Da andere Rechtfertigungs- oder Schuldausschliessungsgründe nicht ersichtlich sind, trifft den Angeklagten gem. §47 StGB die Strafe des "Teilnehmers" neben dem Befehlsgeber.

 

Es ist - wie oben unter D I ausgeführt - nach allgemeinen Vorschriften des StGB zu entscheiden, ob er als Täter oder Gehilfe anzusehen ist. Zu dieser Frage wurden oben unter D I 2 bereits eingehende grundsätzliche Ausführungen gemacht.

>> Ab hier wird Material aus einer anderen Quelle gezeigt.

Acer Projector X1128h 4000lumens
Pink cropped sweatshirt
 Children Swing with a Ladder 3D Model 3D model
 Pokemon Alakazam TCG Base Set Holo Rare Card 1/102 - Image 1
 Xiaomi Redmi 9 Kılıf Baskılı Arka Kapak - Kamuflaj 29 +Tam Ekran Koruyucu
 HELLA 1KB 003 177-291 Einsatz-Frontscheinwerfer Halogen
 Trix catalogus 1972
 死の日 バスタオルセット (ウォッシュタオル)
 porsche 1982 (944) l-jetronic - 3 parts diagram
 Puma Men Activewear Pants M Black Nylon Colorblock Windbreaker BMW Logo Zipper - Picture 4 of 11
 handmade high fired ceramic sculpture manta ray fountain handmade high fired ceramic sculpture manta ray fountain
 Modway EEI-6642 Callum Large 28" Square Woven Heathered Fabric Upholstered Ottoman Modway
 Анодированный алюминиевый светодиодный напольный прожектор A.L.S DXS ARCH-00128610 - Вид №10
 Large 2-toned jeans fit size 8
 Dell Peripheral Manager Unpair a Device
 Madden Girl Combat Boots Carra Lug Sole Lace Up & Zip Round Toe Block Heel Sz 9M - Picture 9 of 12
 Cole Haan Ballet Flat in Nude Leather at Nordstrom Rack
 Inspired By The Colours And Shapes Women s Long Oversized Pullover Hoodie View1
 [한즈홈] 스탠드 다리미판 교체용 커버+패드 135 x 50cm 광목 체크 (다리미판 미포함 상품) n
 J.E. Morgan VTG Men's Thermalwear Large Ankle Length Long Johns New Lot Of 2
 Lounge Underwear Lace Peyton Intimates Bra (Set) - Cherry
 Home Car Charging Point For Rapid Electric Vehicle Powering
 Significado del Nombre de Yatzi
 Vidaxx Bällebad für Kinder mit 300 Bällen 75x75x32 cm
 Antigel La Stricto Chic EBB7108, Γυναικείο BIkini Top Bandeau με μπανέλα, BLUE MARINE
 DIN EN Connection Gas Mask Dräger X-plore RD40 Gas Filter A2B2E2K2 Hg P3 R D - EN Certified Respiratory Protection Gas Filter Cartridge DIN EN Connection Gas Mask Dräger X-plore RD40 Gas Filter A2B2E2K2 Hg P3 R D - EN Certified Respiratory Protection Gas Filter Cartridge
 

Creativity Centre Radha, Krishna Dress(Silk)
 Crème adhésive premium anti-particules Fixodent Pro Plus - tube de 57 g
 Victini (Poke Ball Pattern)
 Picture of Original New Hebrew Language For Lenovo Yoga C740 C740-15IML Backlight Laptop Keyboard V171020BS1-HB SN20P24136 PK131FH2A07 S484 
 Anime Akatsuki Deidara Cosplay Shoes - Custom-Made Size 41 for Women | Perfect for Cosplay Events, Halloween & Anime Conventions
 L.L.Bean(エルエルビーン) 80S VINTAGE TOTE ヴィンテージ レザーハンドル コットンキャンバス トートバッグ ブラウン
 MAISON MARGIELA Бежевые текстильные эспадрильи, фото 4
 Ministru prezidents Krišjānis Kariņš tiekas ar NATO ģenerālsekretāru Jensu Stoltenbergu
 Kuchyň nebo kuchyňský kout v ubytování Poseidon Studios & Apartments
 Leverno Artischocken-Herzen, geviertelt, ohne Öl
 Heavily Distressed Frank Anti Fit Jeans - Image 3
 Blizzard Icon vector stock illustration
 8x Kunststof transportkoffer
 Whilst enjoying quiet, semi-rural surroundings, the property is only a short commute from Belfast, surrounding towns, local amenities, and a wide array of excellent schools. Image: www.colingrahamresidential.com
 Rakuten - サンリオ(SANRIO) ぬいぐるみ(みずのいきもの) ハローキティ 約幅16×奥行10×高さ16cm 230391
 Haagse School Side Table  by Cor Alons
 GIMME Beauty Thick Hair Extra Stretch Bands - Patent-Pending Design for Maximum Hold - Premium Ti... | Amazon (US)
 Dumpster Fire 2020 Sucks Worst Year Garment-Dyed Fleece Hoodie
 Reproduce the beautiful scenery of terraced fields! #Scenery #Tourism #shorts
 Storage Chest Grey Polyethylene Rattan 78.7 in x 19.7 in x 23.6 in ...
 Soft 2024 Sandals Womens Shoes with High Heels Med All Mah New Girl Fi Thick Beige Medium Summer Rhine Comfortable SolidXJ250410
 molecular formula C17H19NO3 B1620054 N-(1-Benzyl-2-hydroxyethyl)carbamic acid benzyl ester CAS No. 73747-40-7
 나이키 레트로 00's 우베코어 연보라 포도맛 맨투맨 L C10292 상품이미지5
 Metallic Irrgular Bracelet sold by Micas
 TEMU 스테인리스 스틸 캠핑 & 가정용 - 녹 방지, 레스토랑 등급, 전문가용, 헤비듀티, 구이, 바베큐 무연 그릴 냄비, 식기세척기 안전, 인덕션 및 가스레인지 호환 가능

Bei Zugrundelegung der dortigen rechtlichen Darlegungen kann kein Zweifel bestehen, dass der Angeklagte, soweit er für die Ermordung der 50 Häftlinge ursächlich geworden ist, als Täter anzusehen ist, obwohl er bei der Tatausführung nicht eigenhändig mitgewirkt hat.

 

Wer in Ausführung eines ihm erteilten Befehls Häftlinge töten lässt, ist mittelbarer Täter, wenn er hierbei den Umfang der Tötungen weiter ausdehnt, als es nach dem erkennbaren Sinn des Befehls erforderlich gewesen wäre oder zumutbare und erfolgversprechende Massnahmen unterlässt, Häftlingsleben zu schonen, obwohl solche Massnahmen nicht dem Inhalt des erteilten Befehls widersprochen hätten. Denn wer anbefohlene Morde in Erkenntnis ihres Unrechtsgehaltes umfänglicher ausführt, als es nach dem Befehlsinhalt geboten war, der zeigt damit klar seine Einverständlichkeit mit dem befohlenen Unrecht und seinen Willen zur eigenen Tatherrschaft.

 

Hier hat der Angeklagte in dieser Weise exzessiv gehandelt, indem er trotz vorhandener Möglichkeiten nichts unternahm, kranke und marschunfähige Häftlinge auf LKWs transportieren zu lassen, obwohl dies dem Sinn des erteilten Befehls nicht widersprochen hätte.